For many years, I wrote a crossword puzzle for my students to use as a vehicle for reviewing what we had just covered (either at the end of each week or, less ambitiously, at the end of each chapter). I used commercial software that took my clues and answers and formatted them into the familiar grid and arranged the clues in the usual columnar display. The program also arranged the squares so as to create the maximum number of intersecting letters, which probably allowed students to spend less time on the puzzle without (I hoped) materially affecting their learning.
The result was a puzzle that looked great, and the students seemed to enjoy this outside-the-box approach to reviewing material. It took very little time for me to write the clues and answers, maybe 30-40 minutes for 30-40 items. It was also flexible enough to allow me to include clues about things that were discussed in class but not covered (or not covered in the same depth) in the readings. Will Shortz’ day-job is secure, but the result looked pretty darned good.
For some classes, this might be a good review option.
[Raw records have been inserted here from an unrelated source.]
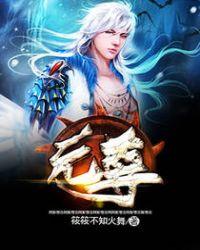 元尊和三部曲有关系吗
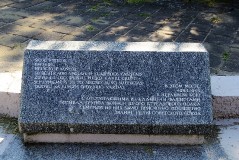 Клайпедский уезд. Мемориал красноармейцам в Неринге
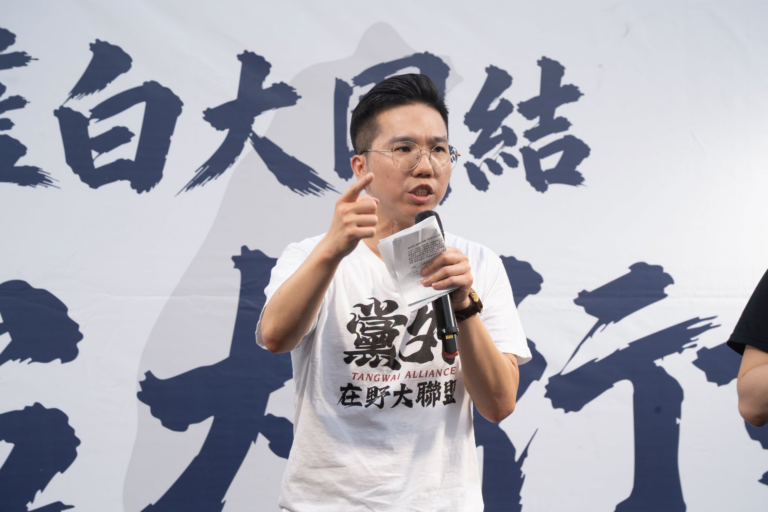 「救台大行動」第三站屏東集結圓滿落幕　鄭麗文親臨、黃國昌隔空力挺　誓言翻轉屏東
It’s great for vocabulary (e.g., “jurisdiction over things” (answer: inrem)), concept identification (“standard of appellate review of questions of law” (answer: denovo)), and even some black-letter rules (“number of defendants who can have the same citizenship as one or more plaintiffs in a federal suit based upon diversity” (answer: zero)).
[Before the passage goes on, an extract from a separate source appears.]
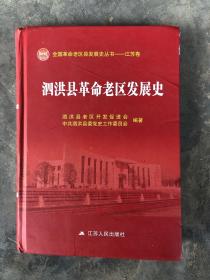 泗洪县革命老区发展史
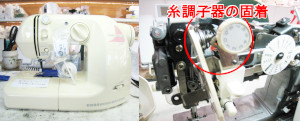 ヤマザキミシン修理　AG-001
A 2009 article in the on-line Journal of Effective Teaching by Davis et al. compared outcomes for two classes in a Sociology course. Each class used crossword puzzles to review for two tests and multiple-choice questions to review for two other tests. One class did better on tests for which the review was done by crossword, the other class did worse. The authors’ conclusion: “The differing results between the two classes used in this study suggest that further research on this topic needs to be done.” Clear as mud. (Answer to title of this blog: notknown.) The inconclusiveness of this study allows me to cling to my belief that the crossword puzzle works well for certain kinds of reviews, but it’s just a belief at this point.
Meanwhile, I’ve moved on to a review vehicle for all my classes that I think works better for the kinds of things I want law students to get some practice doing: making arguments by applying legal rules to fact patterns, which requires a knowledge of the rules, creativity in formulating arguments, judgment (to accept some arguments and reject others), and writing skill, all in a fifteen-minute exercise. (It’s also the format for my final exam, so students get multiple opportunities to practice this type of question before they encounter it for real.) The device is a multiple-choice question with short-essay explanation. More on that, perhaps, in a future blog.